Por el contrario, muchas veces funcionan como distractivos funcionales que desvían la atención de lo verdaderamente importante. Actúan como precipitadores de precarias catarsis: periodistas y audiencias se retroalimentan rasgándose las vestiduras. En algún punto parecen vecinas chismosas que cotorrean y después cada cual sigue con lo suyo sin que pase demasiado.
Los medios de comunicación sin distinción no deberían dejar pasar así nomás este fenómeno tan nocivo. O mirar para otro lado. Hacerlo es aceptar que se han vuelto relativos dos principios elementales: el derecho a la intimidad y que todo el mundo es inocente hasta que se demuestre lo contrario. Y esta debe ser una norma aplicable a todos; no solo a nuestros amigos o a quienes nos caen simpáticos ideológicamente. A los que no lo creen así habría que preguntarles si opinarían igual de publicarse sus propias conversaciones privadas.
Las escuchas, de procedencia anónima o de fuentes reservadas que preservan los periodistas que las consiguen, carecen de editor responsable y tienen un origen espurio desde el momento que parten desde expedientes de los que nunca debieron salir.
Es muy evidente que hemos entrado en una extraña etapa de festival de escuchas que se tiran unos contra otros no solo para hacerse daño e impactar emocionalmente en el público, sino también para presionar sobre causas cruciales que se dirimen en los tribunales. ¿Hasta cuándo periodistas y medios nos seguiremos prestando a ese juego?
Es verdad que no es una decisión fácil para el periodismo.
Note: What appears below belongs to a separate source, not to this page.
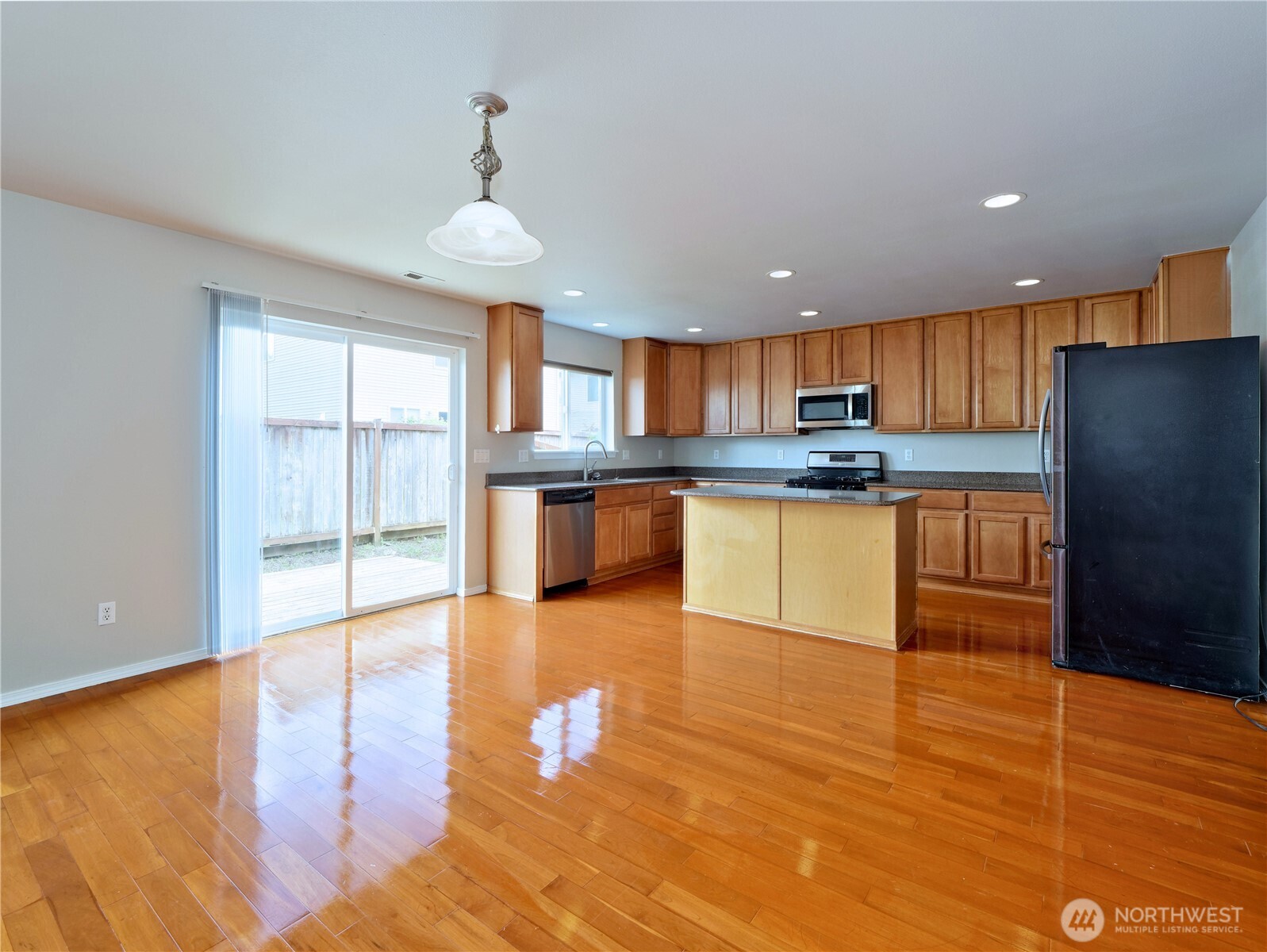 33060 41st Place S Federal Way WA 98001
Dar a conocer el audio de una conversación privada entre personajes destacados en la que se ventilan distintas cuestiones con modales bruscos e inconvenientes es muy tentador. Pero debemos empezar a poner más empeño para no ceder, salvo en excepciones justificadas. LN Data , por ejemplo,clasificó durante dos años las 40.000 escuchas de la causa motorizada por el fiscal Alberto Nisman, que intentaba probar que el memorándum firmado con Irán en 2013 era un pacto de impunidad para encubrir a los acusados por el atentado contra la AMIA. Esa investigación mereció el premio Google-Fopea a la Innovación Periodística Digital 2017.
Esas escuchas son trascendentes y hacen al esclarecimiento del caso. Para entenderlo mejor: una cosa es publicar un audio donde se escuchan los diálogos entre Luis D'Elía y Jorge Khalil, que evidencian cómo se cocinaba ese pacto, pero muy distinto sería una conversación de alguna de las personas mencionadas, por ejemplo, con una supuesta amante. Se justifica que la primera trascienda porque le da más elementos a la opinión pública para entender la evolución de un delito grave; la segunda solo tiene el atractivo del morbo gratuito. Debería evitarse.
En una época como la actual en la que cada "clic" en la web vale, dejar de lado audios chismosos puede significar que la competencia tome la delantera si en cambio decide no prescindir de ellos. Son los riesgos que el periodismo de calidad debe correr si quiere conservar y acrecentar su prestigio, que, a la larga, es el único camino posible hacia el éxito sólido y duradero, que despierta la verdadera admiración de las audiencias.